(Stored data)
+ + + +

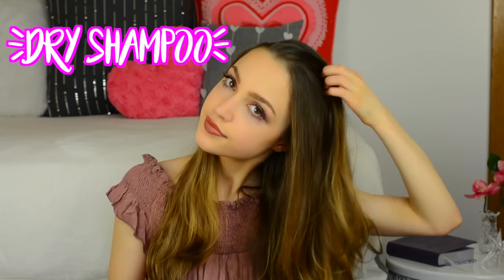Starting out this hairstyle, I'm using some dry shampoo and just spraying this into the roots of my hair. I typically do curls on second-day hair because it helps the curls hold better and longer. I'm putting in some dry shampoo into the roots, massaging it in with my hands, and then brushing my hair to make sure it's nice, smooth, and prepped for my curls.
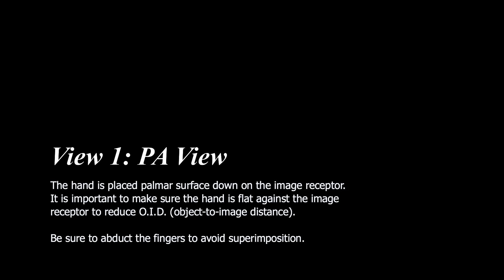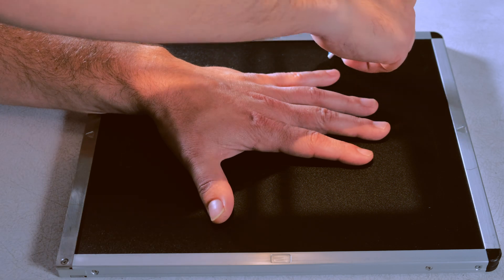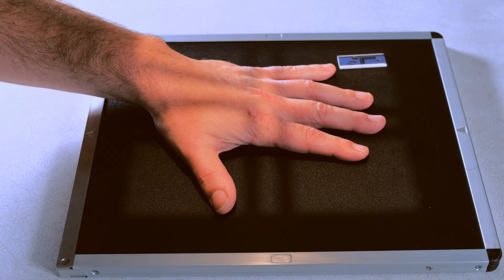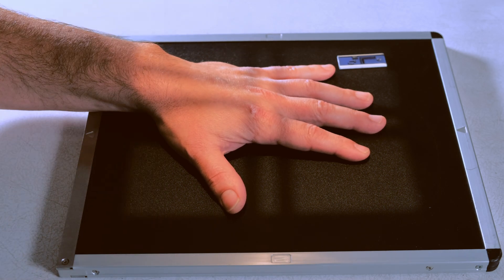Let's start with the PA view. Our first view is going to be of the PA position for the hand. We're going to mark our film. We're going to use the third MCP joint for our central ray and always include the distal row of the carpals.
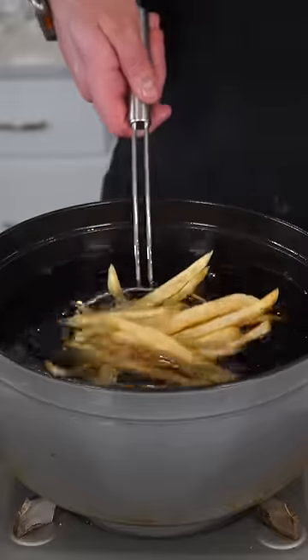Crank your heat up to 375 and fry them one more time. Instantly hit them with some salt. And as always, now bismillah. This dude always comes up and has something to say.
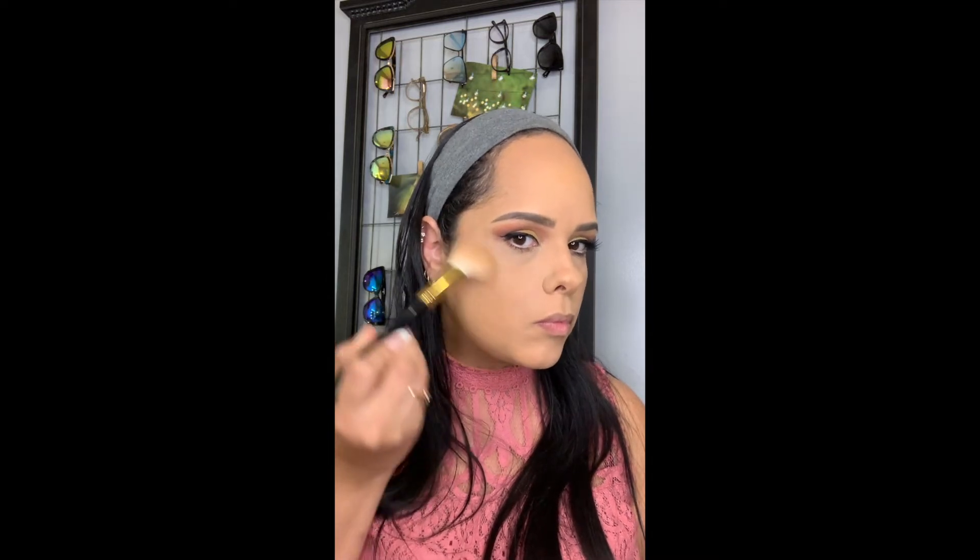Next I'm going in with my Anastasia glow kit, using the bronze color to go ahead and bronze up my contour. I'm going to contour and bronze my cheek as well as my forehead and my neck. A little bit goes a long way with that bronzer.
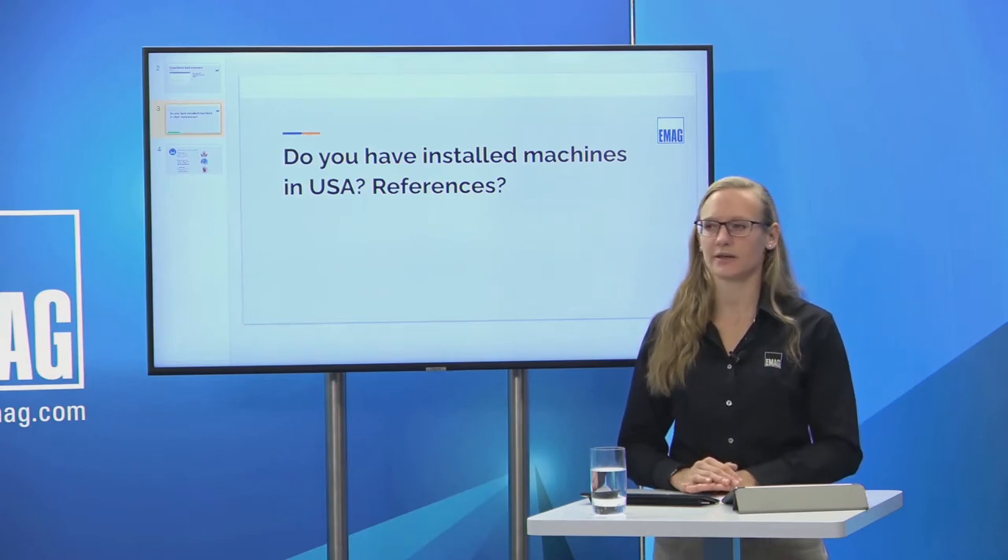Question: are there installed machines in the USA and what are the references? Absolutely — we have been installing machines in the US since the early 90s. To date, we have over 2,000 machines installed in various industries and regions, from Maine to Florida, California to Washington — we're in 35 states. The VL1 Twins and VL3 Duos are definitely the high runners for EMAG. We'd love to introduce you to customers using those machines; reach out to your local regional sales rep to see machines on actual shop floors.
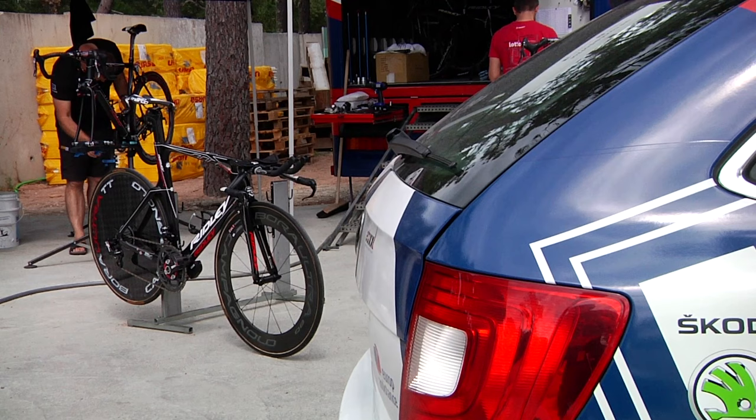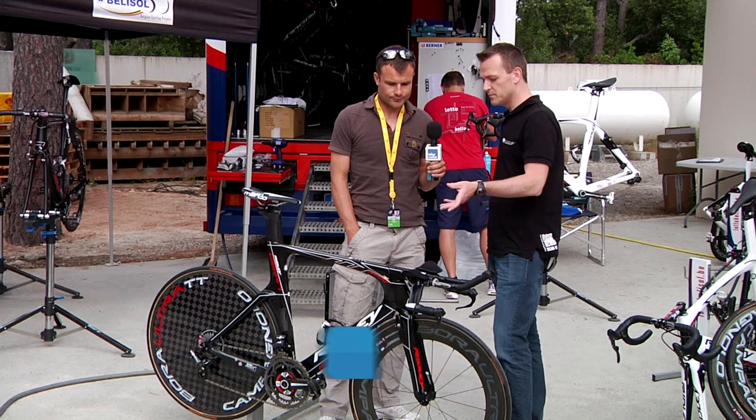In our whistle-stop tour of Porto Vecchio, we've arrived at Lotto Bellasol's hotel to have a look at the Ridley Dean Fast with Joachim Bestemmins from Ridley. Hi Joachim. Hi Sam. It's an interesting bike this one — tell us a little bit about the innovation that's gone into it.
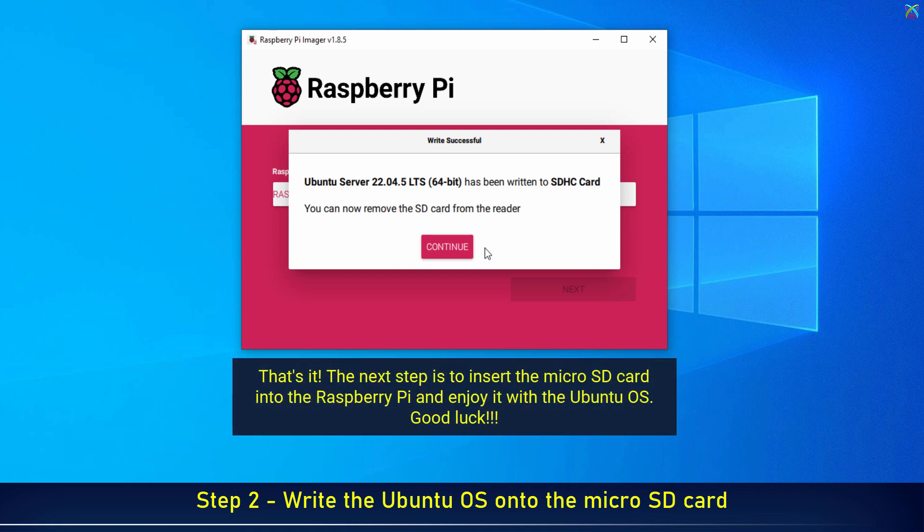That's it! The next step is to insert the microSD card into the Raspberry Pi and enjoy it with the Ubuntu operating system. Good luck!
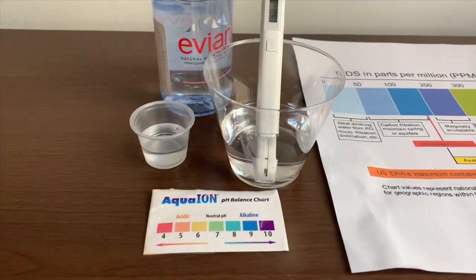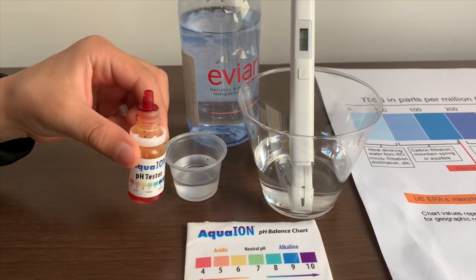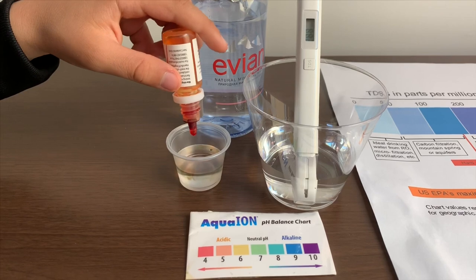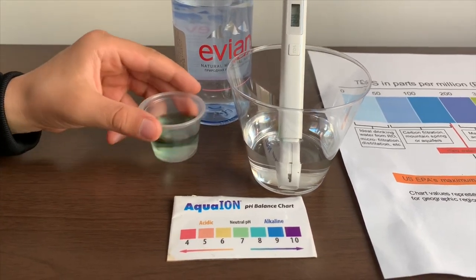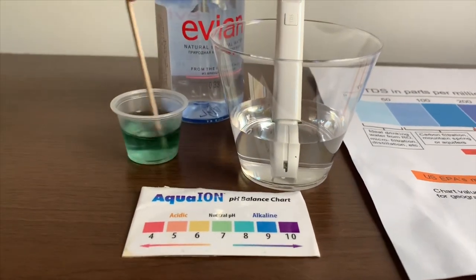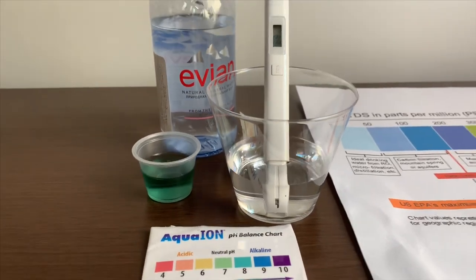Now let's test the pH level. If you want to buy this pH tester, check the link down below. Only do two drops. Let's stir it a little for a better result. I give this an 8. This is alkaline water.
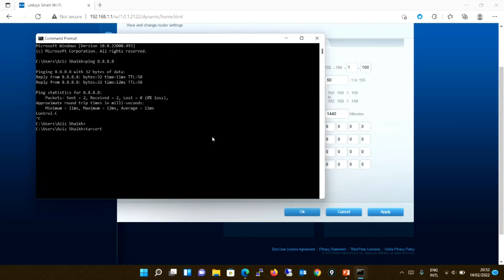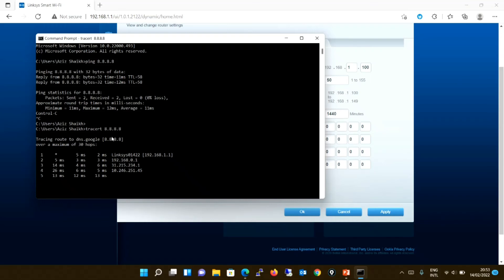Let me run a traceroute to that IP to see the path to the internet. As you can see, when tracing to Google DNS, the first hop is the router we just configured — the Linksys with IP 192.168.1.1 — the second hop is the router configured in the previous video, and then it goes to the internet. This confirms we have configured our router with DHCP correctly and we are able to reach the internet.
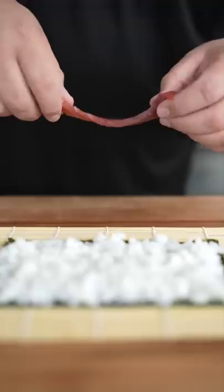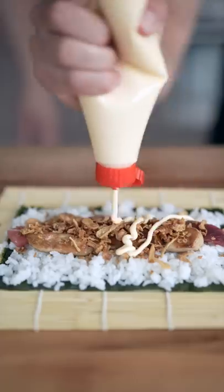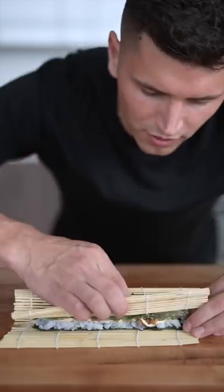Now we'll start with our sushi rice, then we place the tuna. Now some foie gras, crispy onions, now some mayo. Then we torch it, then roll it up and slice it up.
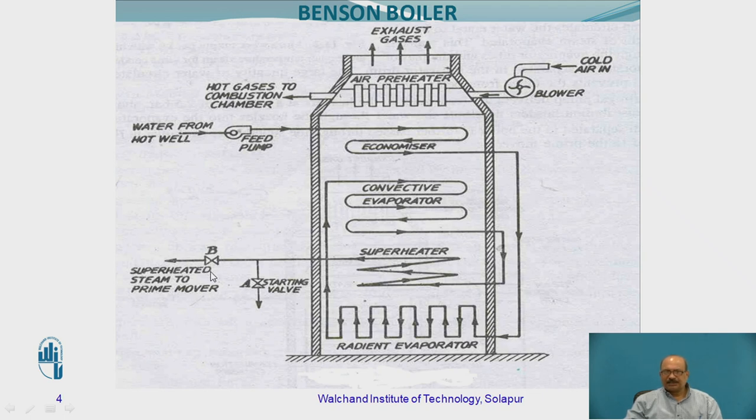This part we are not going to discuss in detail as far as the Benson chamber and working of Benson boiler is concerned. Just observe — there is a small question for you. You are not observing one important part compared with the Lamont boiler. Can you give me the name of that one? That is the part I have shown previously in the case of the Lamont boiler as a steam separating drum. That part is not available in this one. That is a major advantage of the Benson boiler. Because of that, the total weight of the Benson boiler is going to be reduced and the cost of the boiler is also going to be reduced.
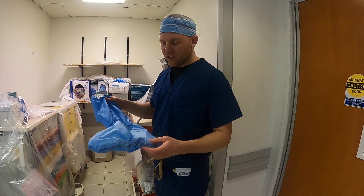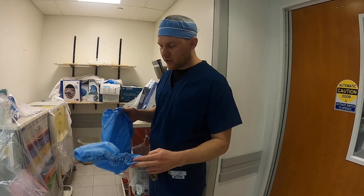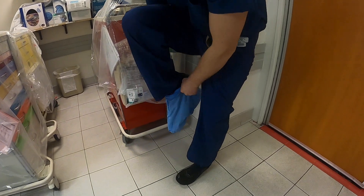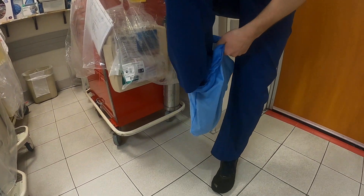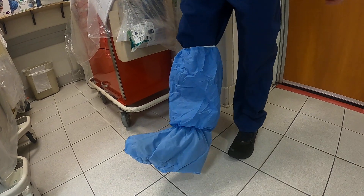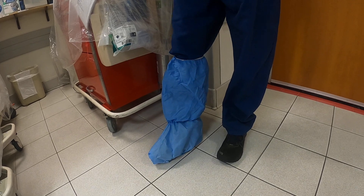If you have a bloody amputation or an arthroscopic case, you may want more shoe cover protection. The boot-style shoe cover looks like the shape of a boot. Slide it on — it's a little harder to get over your heel — then pull it up kind of like you're putting on a little pant, and this will keep you protected if there's going to be a lot more fluid during the case.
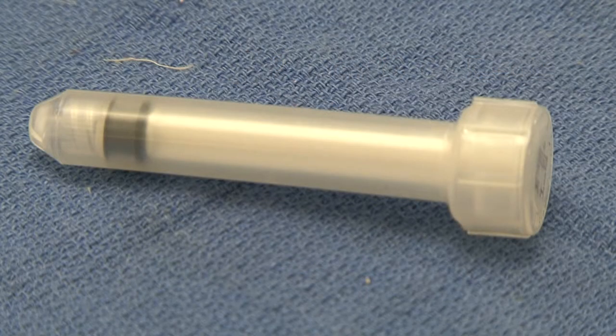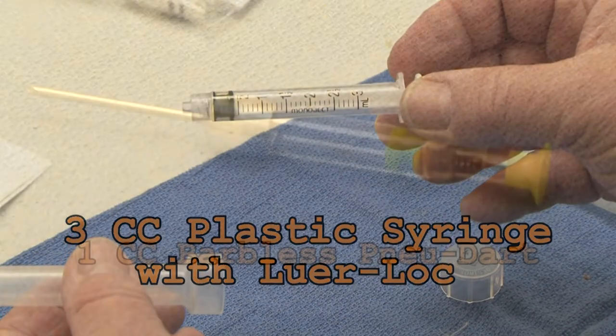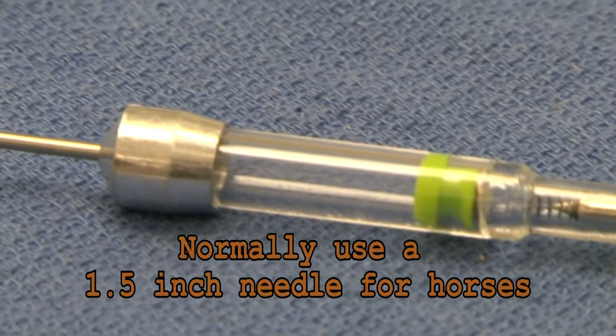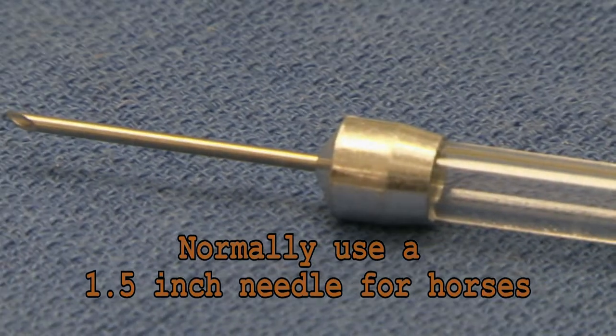Depending on whether you are going to deliver the vaccine by hand injection or by dart, you will also need a 3cc plastic syringe with lure lock, or a 1cc barbless new dart. The needle length on the new dart will depend on what species you intend to treat. Normally, we use a 1.5 inch needle for horses.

+ + + +

Task brief |
A word-for-word reproduction is needed of the lines above from the line containing "In our whistle-stop" through the line containing "That's it! The", with both ends kept and no pictures.

Written response |
In our whistle-stop tour of Porto Vecchio, we've arrived at Lotto Bellasol's hotel to have a look at the Ridley Dean Fast with Joachim Bestemmins from Ridley. Hi Joachim. Hi Sam. It's an interesting bike this one — tell us a little bit about the innovation that's gone into it.
That's it! The next step is to insert the microSD card into the Raspberry Pi and enjoy it with the Ubuntu operating system. Good luck!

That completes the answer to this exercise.